Newbie Questions

Greetings All:

Am very impressed with what you have built and we are exploring using KNIME as a key part of our analysis toolset at the government branch where I work. Please bear with my questions.

1) The "help contents" yields an HTTP 500 Internal Server Error
2) We need ways of sub-setting our datasets for detailed analysis. Which node(s) would we use?
3) We are looking at using PCA (principal components analysis). Are there PCA nodes?
4) How would I increase the amount of RAM that KNIME uses so at not to hit a java heap error?
5) We need a variety of data visualizations - are there other nodes/add-ins that we could access?
6) We would also like to automate the generation of standard reports with embedded data summaries/plots. Any suggestions as to how we could do this?
7) I see from the other forum that the interface to R is being improved. What is the timeline for the improvements?

Thanks for your time.

Iqbal

Hi lqbal,

Iqbal wrote:
Am very impressed with what you have built and we are exploring using KNIME as a key part of our analysis toolset at the government branch where I work

:oops:

Iqbal wrote:
1) The "help contents" yields an HTTP 500 Internal Server Error

Interesting. Maybe Fabian knows about this. Is there anything inside /.metadata/.log that may shed light onto this problem?

Iqbal wrote:
2) We need ways of sub-setting our datasets for detailed analysis. Which node(s) would we use?
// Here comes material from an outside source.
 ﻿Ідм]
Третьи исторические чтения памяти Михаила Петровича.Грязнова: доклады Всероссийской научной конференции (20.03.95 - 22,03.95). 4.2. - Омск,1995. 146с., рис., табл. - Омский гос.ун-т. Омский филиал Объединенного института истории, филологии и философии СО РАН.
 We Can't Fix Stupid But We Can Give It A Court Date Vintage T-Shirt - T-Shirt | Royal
Depending on what exactly you intend to do, you could use the Partitioning node (splits data into disjoint two parts), the Sampling node (filters out parts of the table), the Row Filter node (filters rows bases on certain column values) or the Cross Validation meta node. Maybe there are others, but I'm slowly using track about what's inside KNIME 8)

Iqbal wrote:
3) We are looking at using PCA (principal components analysis). Are there PCA nodes?
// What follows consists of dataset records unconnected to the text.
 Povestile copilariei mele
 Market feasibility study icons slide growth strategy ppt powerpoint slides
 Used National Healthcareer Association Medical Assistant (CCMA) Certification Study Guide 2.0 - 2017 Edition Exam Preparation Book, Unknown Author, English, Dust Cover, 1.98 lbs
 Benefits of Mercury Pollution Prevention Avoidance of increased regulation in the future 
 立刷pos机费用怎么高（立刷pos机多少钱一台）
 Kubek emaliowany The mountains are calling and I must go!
Well, we have a node that does PCA, but it is not in the official release (yet). But we may have a look at integrating it.

Iqbal wrote:
4) How would I increase the amount of RAM that KNIME uses so at not to hit a java heap error?

Either pass -Xmx1024m (e.g.) on the command line or edit the knime.ini (or .knime.ini under Linux) and replace the value behind -Xmx with the desired one.

Iqbal wrote:
5) We need a variety of data visualizations - are there other nodes/add-ins that we could access?

I only know the ones in the release and the ones in the optional JFreeChart plugin.

Hope that helps, for the remaining question some of my colleagues are the experts in the field.

Regards,

Thorsten

Hi Iqbal,

I am very interested in what data visualizations except the already contained you would like to see. In the current release there are

    box plot
    histogram
    line plot
    parallel coordinates
    pie chart
    scatter plot
    scatter plot matrix
    histogram (use hierarchical clustering)
    enrichment plot (use "mining->scoring-> enrichment plot)

All of which support visual variables (Data Views -> Property) color, shape and size and the highlighting functionality.

Some more information about the interactive views in KNIME and how to use them.

In the next release a 3D scatterplot will also be available. But I'm always keen on implementing new interactive views, so please let us know what else you expect.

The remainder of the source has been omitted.